However Neospora can be passed to pups from a bitch in the womb proving that immunity is possible. There is also suggestion that antiprotozoal treatment is effective in combating Neospora.

You're right that freezing kills Neospora and I do freeze most of the meat I feed as it's not practical to feed fresh all the time. The risk of Neospora is highest in beef. But in all honesty I would feed fresh everyday if it was possible.

Another arguement is that a dogs immunity is heightened when feeding raw and the risk of infections is further reduced if you provide a well balanced raw diet.

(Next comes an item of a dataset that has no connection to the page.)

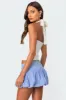 Marisol Straight Neck Halter Top sold by Edikted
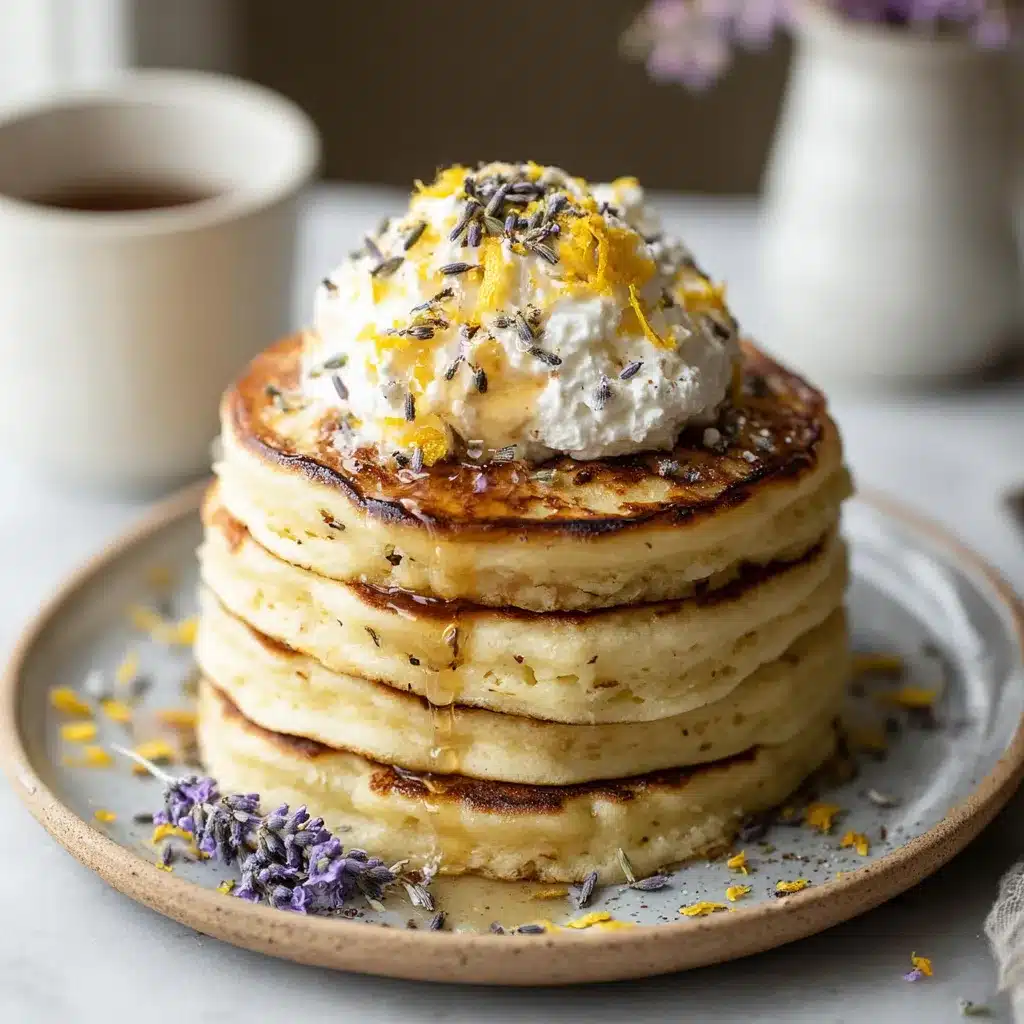 Lemon Ricotta Pancakes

Neospora is one of the many risks of feeding raw which is why you must do your research before feeding raw and be aware of all the risks and what symptoms to look out for. You have to remember there are thousands of raw feeders that have never ever had a problem, most cases of parasite infection are from people giving small amounts of raw meat to dogs primarily fed on commercial dog food.


----------



## nici (Nov 10, 2007)

ive ben useing the barf diet now for 4 years and have never had any problems, in fact before i started it my bitch was always at the vets with stomach problems, and yes i do feed fresh mince but not all the time as i have a large freezer and bulk buy, i personally think it is the best diet around it make so much sense


----------



## Guest (Apr 15, 2008)

i have started giving cassie mince mixed in with her complete mixer she loves it


----------



## Guest (Apr 15, 2008)

dh.dti said:


> Alan is this a game of spot the difference...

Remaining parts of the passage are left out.